Novel nanocomposite coating for the reduction of pigment particles loss and UV fade and chemical degradation for decorative & structural products made from concrete and concrete composites

Information

  • Patent Application
  • 20090042044
  • Publication Number
    20090042044
  • Date Filed
    February 12, 2008
    16 years ago
  • Date Published
    February 12, 2009
    15 years ago
Abstract
Disclosed is a method of bonding a coating material to concrete The process includes applying a coating material to an inner surface of a mold, applying an aqueous solution of a polymeric material and a clay to the coating material and pouring concrete into the mold. Once the concrete is set, the coated concrete is removed from the mold.
Description
FIELD OF THE INVENTION

The invention is directed towards the decorative and structural concrete markets where pigment particles are added to the surface. The invention is also directed towards concrete markets where the pigment is added into the concrete mix. The invention represents a novel nanocomposite coating for use with structural and decorative concrete products.

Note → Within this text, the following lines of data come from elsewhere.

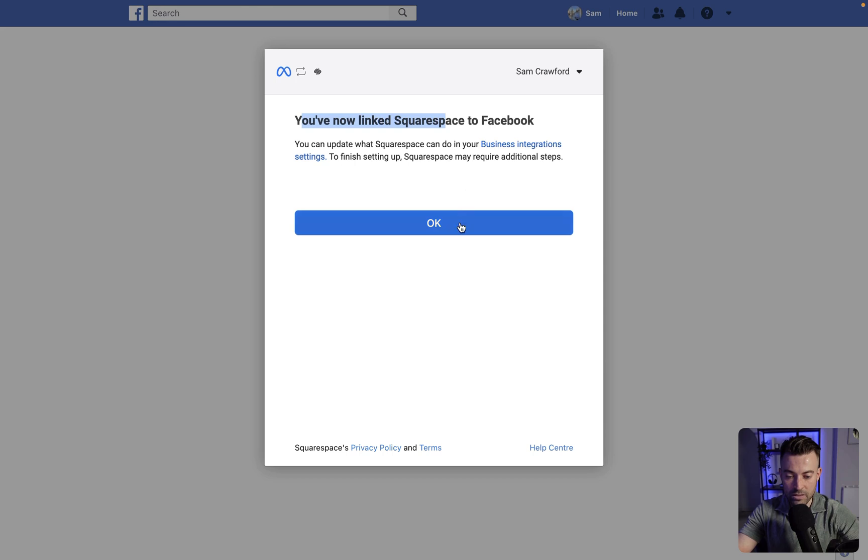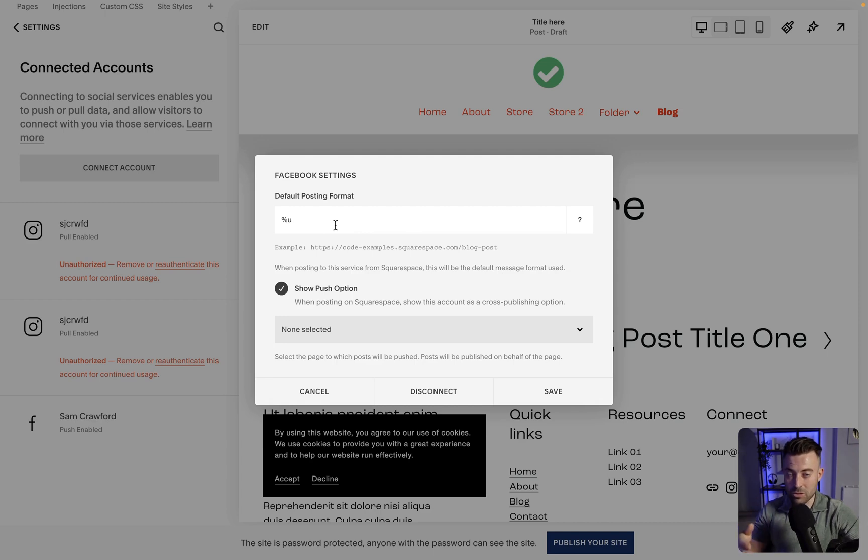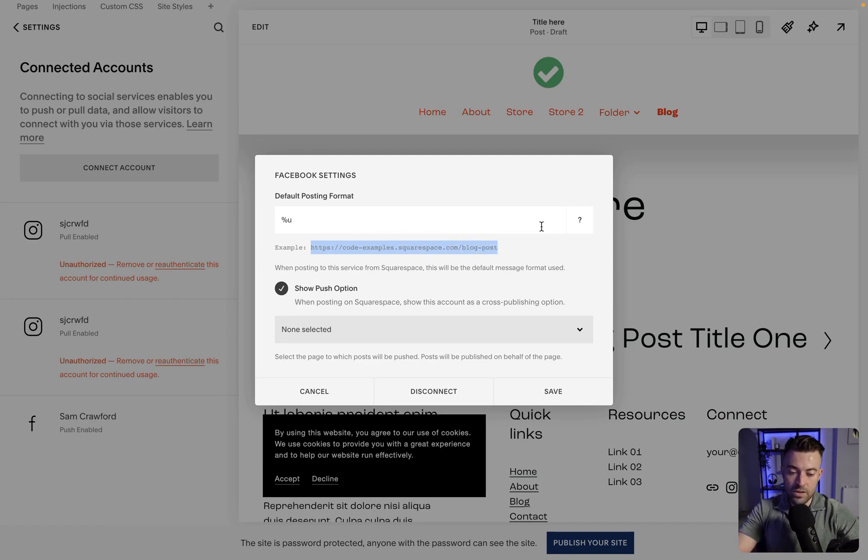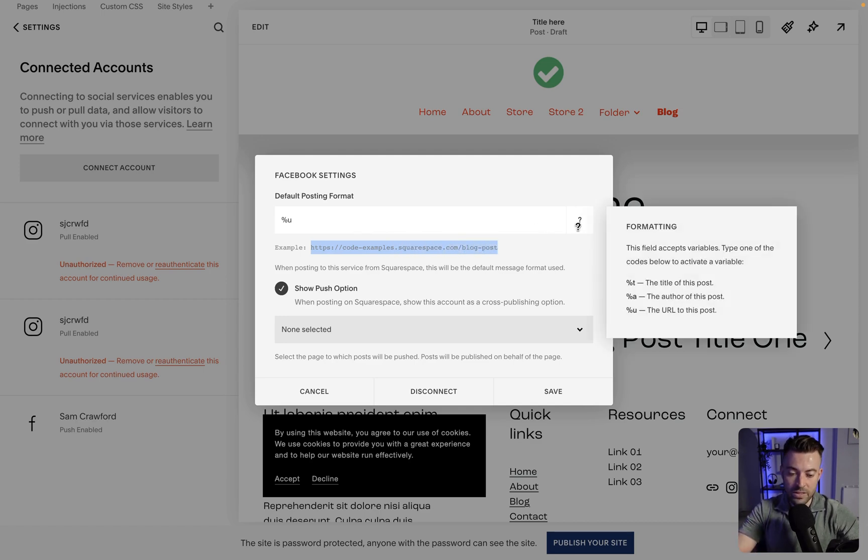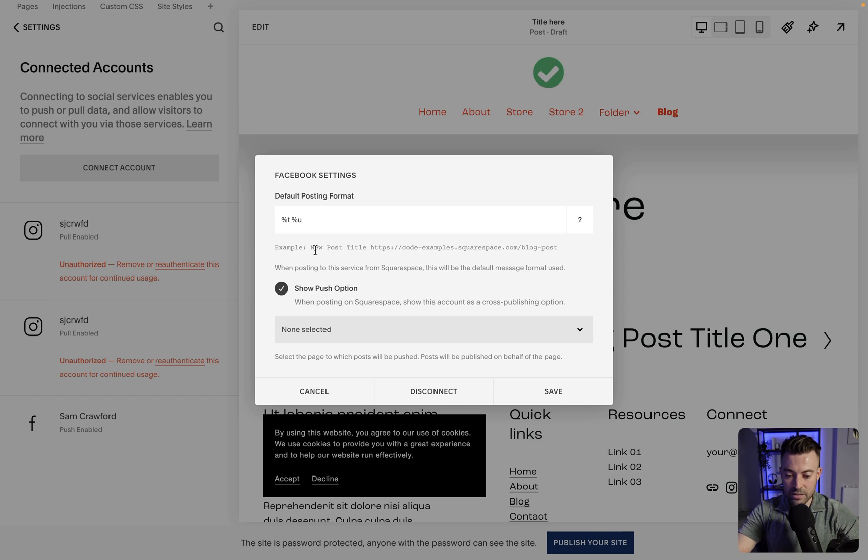It's going to say you've now linked, then we click okay. And then what we have here is the formatting. Whenever Squarespace automatically posts something, it's going to post it in a particular format. The example in the description is just going to be the URL. If we click here we can see the syntax that we can add.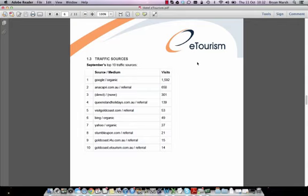Bing, another popular search engine, sent 49 visits to Hotel eTourism's website. Yahoo sent 27, StumbleUpon 21, GoldCoast.i4u 15, and GoldCoast eTourism 14. You won't often see i4u or eTourism Holidays Network in your traffic sources — traffic generated from eTourism Holidays is usually directed to a booking engine and not through your website.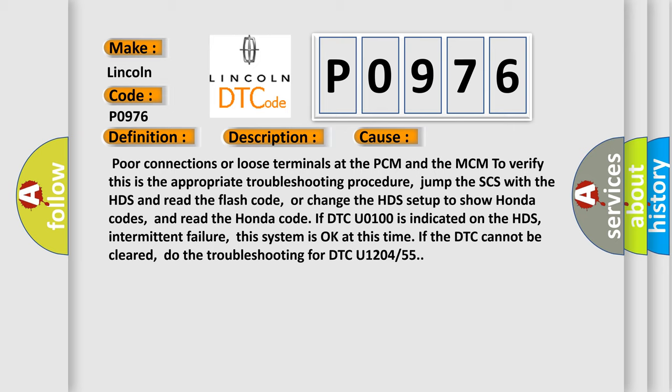If DTC U0100 is indicated on the HDS and there is intermittent failure, this system is okay at this time. If the DTC cannot be cleared, do the troubleshooting for DTC U1204 or 55.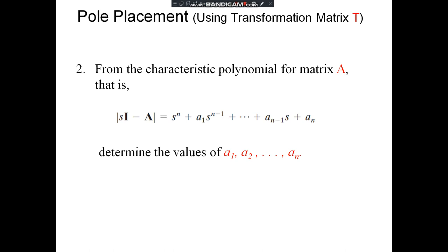The next step is to obtain the characteristic polynomial from matrix A using det(SI − A) = S^n + A₁S^(n−1) + ... + A_(n−1)·S + Aₙ. This determines the values of A₁ through Aₙ.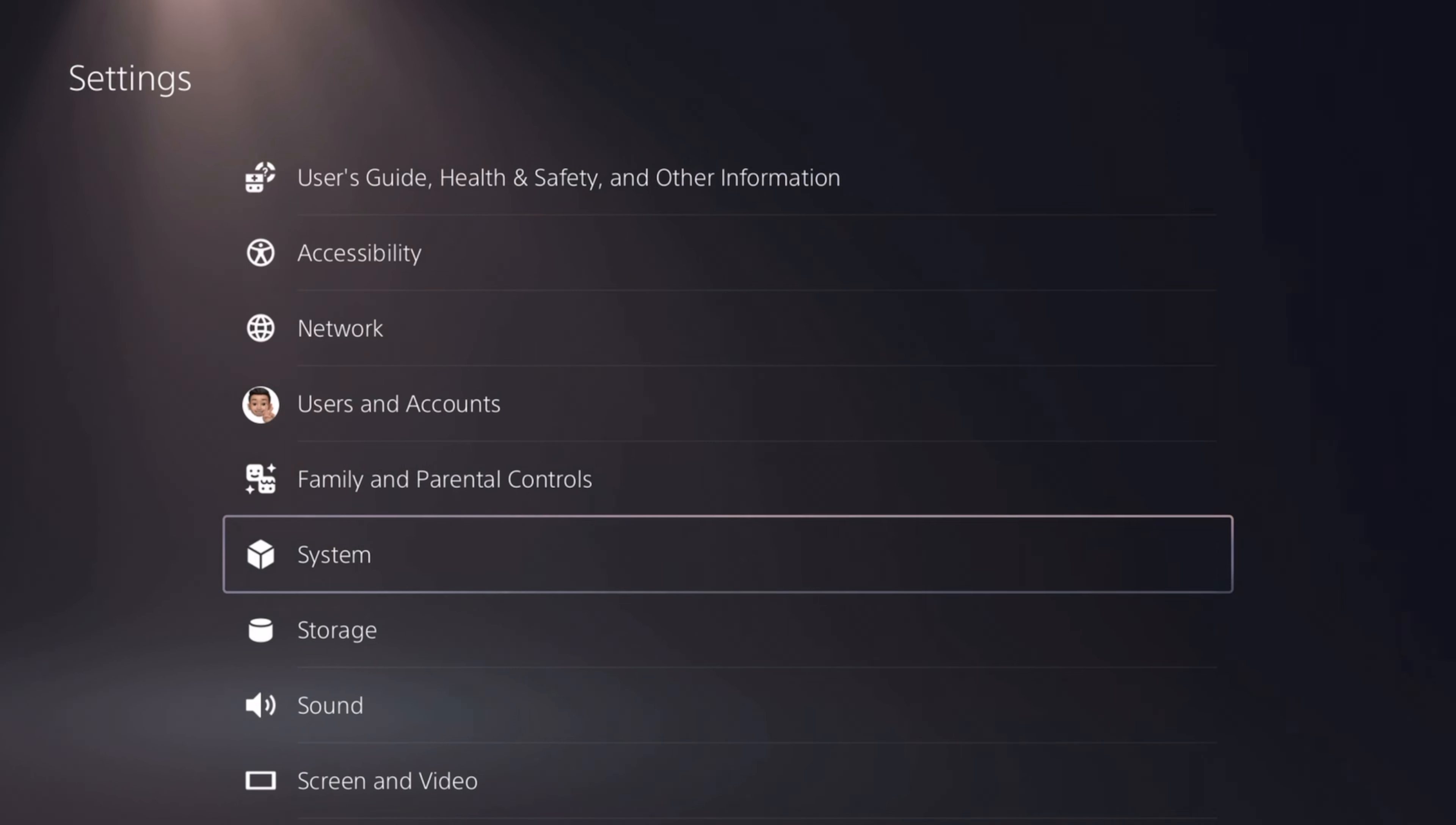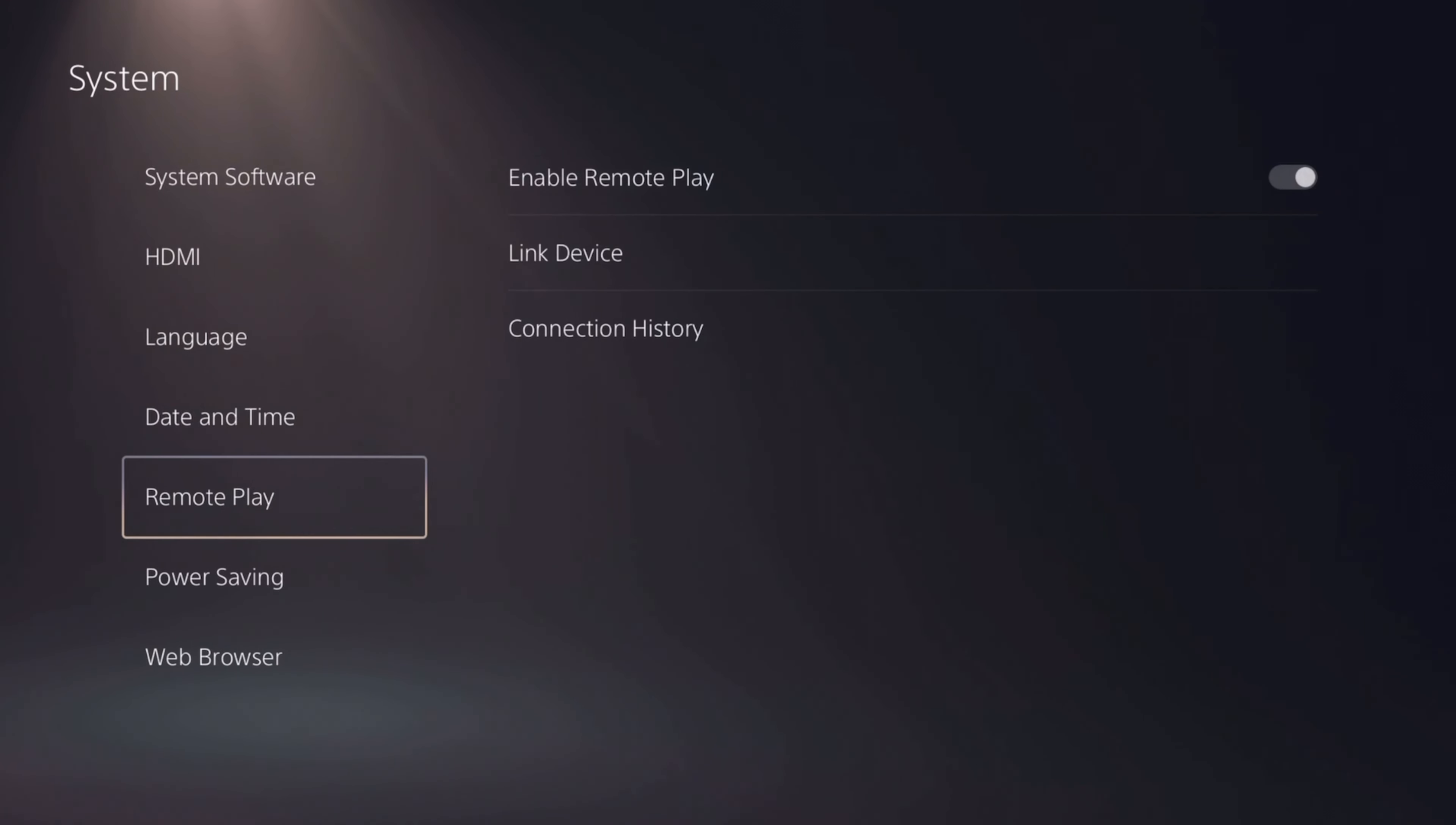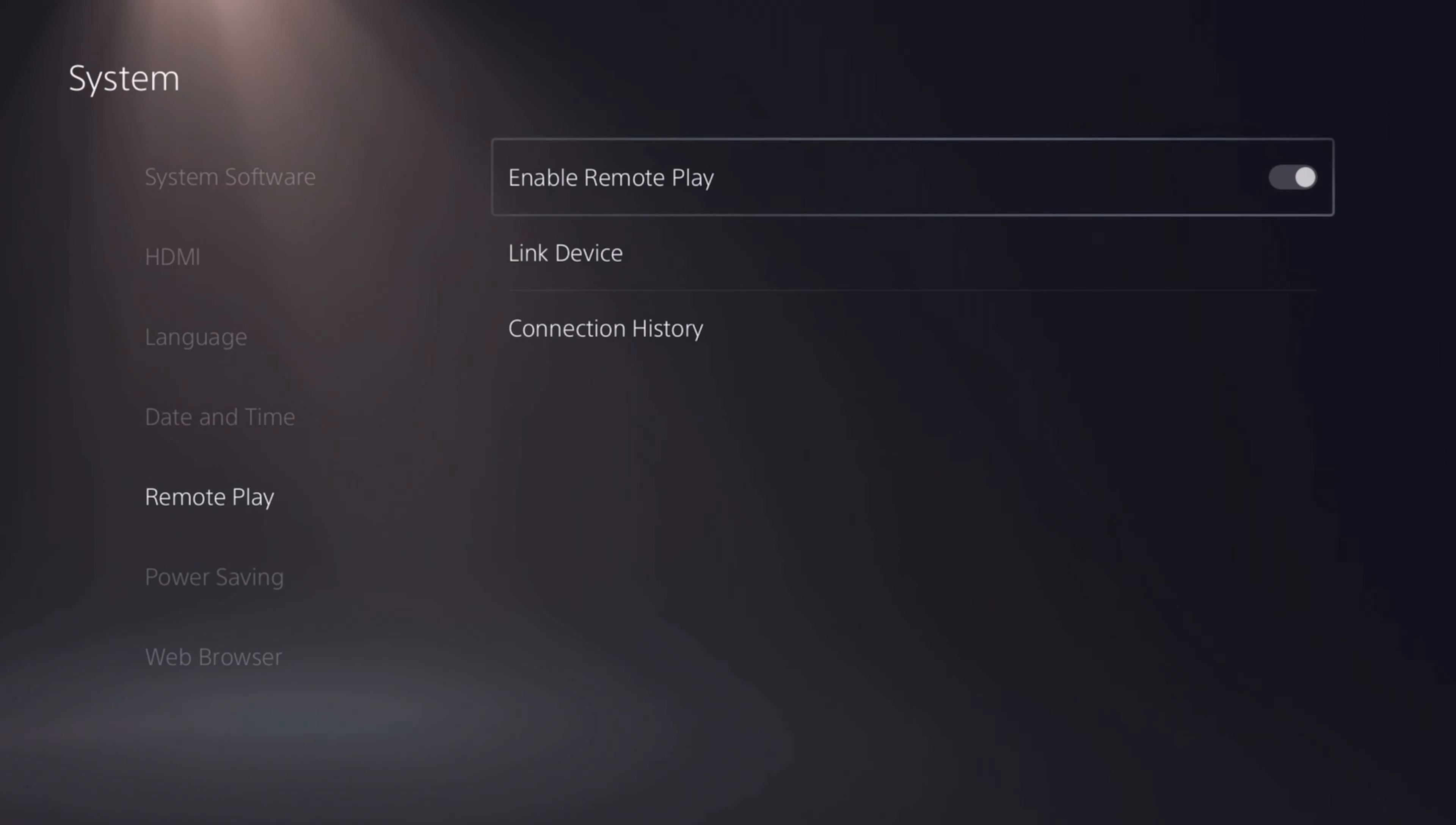And then lastly, to get all of this working, just go to your PS5 settings, go to system, enable remote play, toggle that on. Mine already is, but it's turned off by default.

BACKGROUND OF THE INVENTION

Concrete can be molded into a variety of decorative products including artificial stones, mosaics, and brick facades, just to name a few decorative concrete applications. Many of these products achieve their appearance by the use of surface pigments or other surface additives. These pigments are often metal oxides but can be other particles such as synthetic particles, and organics as well. The particles are introduced onto the surface of the mold receiving the concrete. When the concrete is added to the mold, the particles adheres to the pigment. Thus, when hardened the concrete will carry the pigment on its surface creating the desired appearance for the end use (artificial stone, slate, marble etc.). The chemical environment produced in concrete is not conducive to many pigments. The strong alkali nature of the material chemically degrades many pigment species; both mineral and organic over time. It is for this reason that encapsulating pigments with a chemically inert layer that is anchored into the concrete benefits a wide variety of pigments by shielding the pigment from alkali and water.


Calcium silicate hydrate is the primary cementing material which is produced when Portland cement hydrates during the hydration of concrete, The hydrate is very important to strength of the final product. There are other mineral species in concrete as well, such as tricalcium aluminate, and triclacium aluminoferrate, and gypsum, that contribute to concrete curing. These latter compounds are not as critical to strength of the concrete. The latter three species only account for about 25% of the hydration reactive species in the curing. Calcium silicate species including calcium tri-silicate and calcium di-silicate account for about 75% of the critical-to-cure chemicals whose hydration accounts for concrete's physical properties. The calcium silicate species naturally act as the dominant adhesive for pigment particles.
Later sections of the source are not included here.